Is http://tinyurl.com/96dza8 what you had in mind?

> > Sure, upstream changes in the location of Modules.marker are something
> > we can easily adapt to.  Are you aware of a current problem with that?
> > [...]
> 
> Only that "make install" or "make modules_install" doesn't currently
> install Modules.marker anywhere useful.  [...]

OK, I believe you mean that as the sole (?) user of this file,
systemtap folks should fix this kernel oversight by submitting a patch
against kbuild makefiles.


> > [...]  (As everyone knows, quantity (compression) is not great but
> > at least this is only a usability rather than functionality
> > matter.)
>
> It's a rather important usability issue.  [...]

Agreed.

> Line-by-line function tracing doesn't work for me.  [...]

I hope people will like it once it works robustly.

> User-space tracing --- is a patch that I don't forsee going mainline
> anytime soon [...]

I hope there will be progress on this soon.

> Concurrent users -- doesn't matter to kernel developers.  

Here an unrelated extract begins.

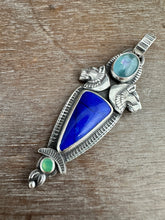 Load image into Gallery viewer, Lioness medallion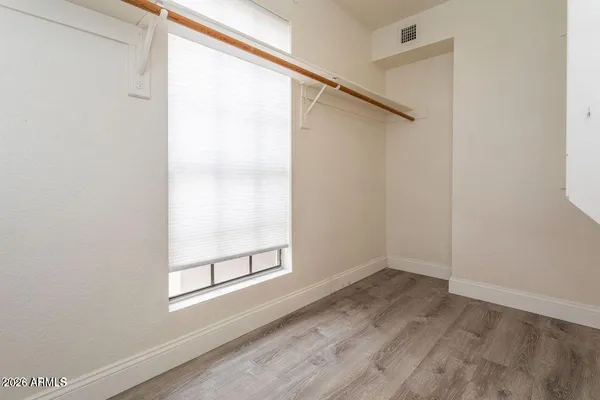 $2,400 | 13642 South 42nd Place, Phoenix, AZ 85044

I don't think that's completely true.  Right now, ftrace is a
single-configuration-at-a-time tool, and I recall reading complaints
about that.


> And exactly who do you expect is going to be adding markers to the
> kernel sources, [...]

It turns out that, among others, several Red Hat kernel engineers are
actively pursuing this, including sending tracepoint-laden patches
upstreamward via lkml/lttng.


> > > [...] is to simply generate the debuginfo information on demand so
> > > the function parameters on entry can be decoded.  We have the header
> > > files after all, so it shouldn't be hard to generate a pseudo function:
> > > 
> > > extern int foo_kernel_function(struct file *f, off_t offset, size_t len, 
> > >        void *ptr)
> > > {
> > >         return 0;
> > > }

> > It has some potential.  On first blush this seems to require
> > parsing all the C header files (accounting for arch/kconfig cpp
> > macros) to look for a matching function declaration.  [...]  How
> > do you imagine it working?

> Well, the original way I was thinking about doing this involved
> support from the kernel sources --- so changes to kbuild to generate
> debugging information that is far more compact, only optimized to
> provide kernel function parameter information

That's does not sound like a simple kbuild preference.  That may need
a whole new tool well beyond strip/objcopy.

> [...] However, it might be doable without having made any kernel
> changes.  Finding which header file a function parameter can be
> found is pretty simple.  [...]  The hard part is knowing which other
> header files might be needed.  This can be easily extracted from
> source files [...]

So more C source parsing.

> so the question is whether Systemtap ships a database of which
> header files are needed [...]

Maybe, but this sounds about as kernel-version-fragile as some of our
tapset scripts.

> or whether we need a kbuild patch to extract this information; or do
> both.

OK, so we agree we're talking about a nontrivial amount of code here.